───── Given material

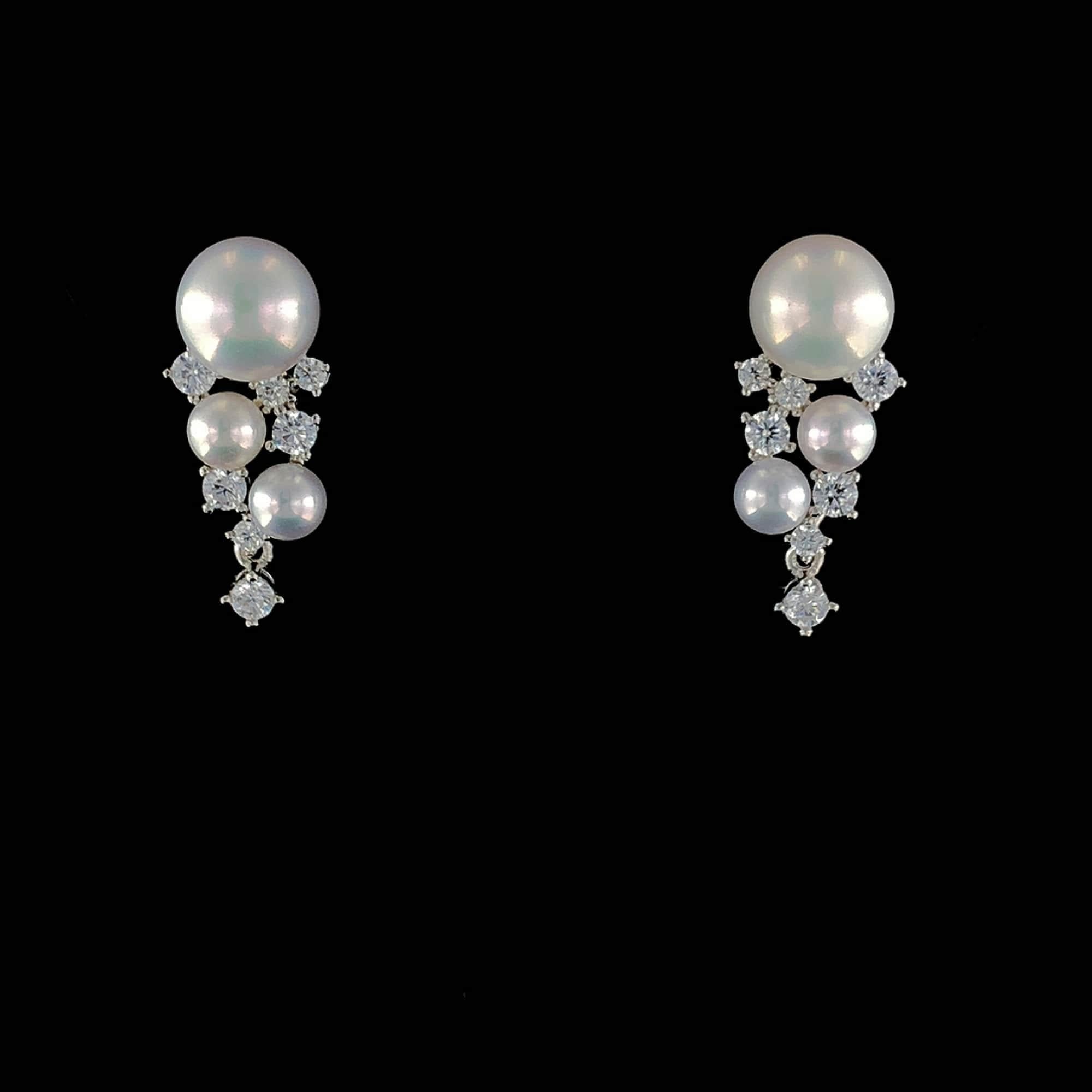 Eleva il tuo stile con questi squisiti orecchini a perno di design. Realizzati con precisione, questi orecchini sono l'emblema dell'eleganza e della raffinatezza. Sono l'aggiunta perfetta alla tua collezione di gioielli o un regalo premuroso per una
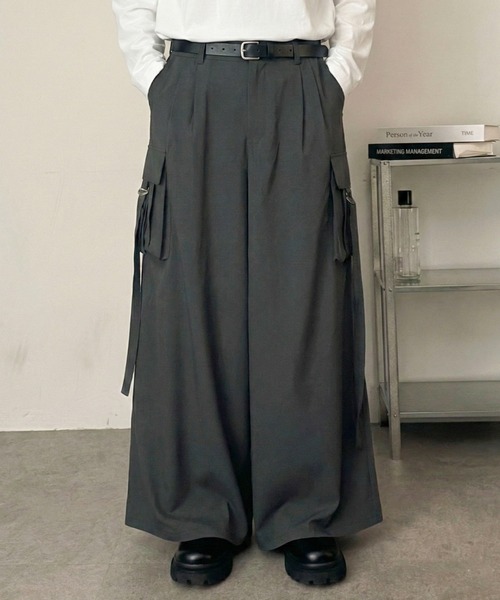 link lot(リンクロット)の「【バックゴム】 TR ワイドシルエット ドレイプ パラシュート カーゴパンツ(カーゴパンツ・メンズ・ブラック/チャコール・M/L)」の1枚目の写真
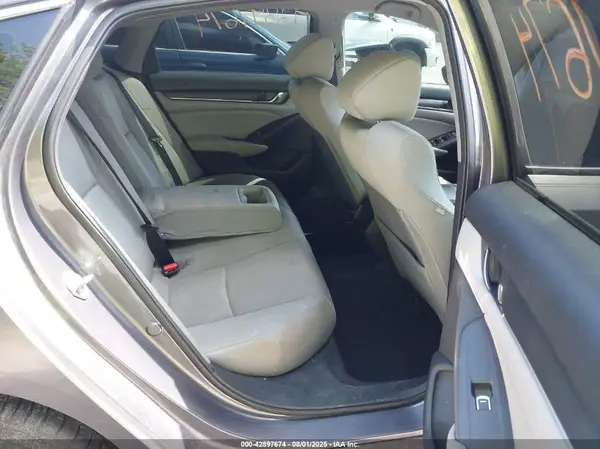 1HGCV1F13JA258370 2018 HONDA ACCORD - Image 8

──────────

Exercise objective — Write out the whole of the data exactly; the pictures stay out.

Solution for this task —
 Eleva il tuo stile con questi squisiti orecchini a perno di design. Realizzati con precisione, questi orecchini sono l'emblema dell'eleganza e della raffinatezza. Sono l'aggiunta perfetta alla tua collezione di gioielli o un regalo premuroso per una
 link lot(リンクロット)の「【バックゴム】 TR ワイドシルエット ドレイプ パラシュート カーゴパンツ(カーゴパンツ・メンズ・ブラック/チャコール・M/L)」の1枚目の写真
 1HGCV1F13JA258370 2018 HONDA ACCORD - Image 8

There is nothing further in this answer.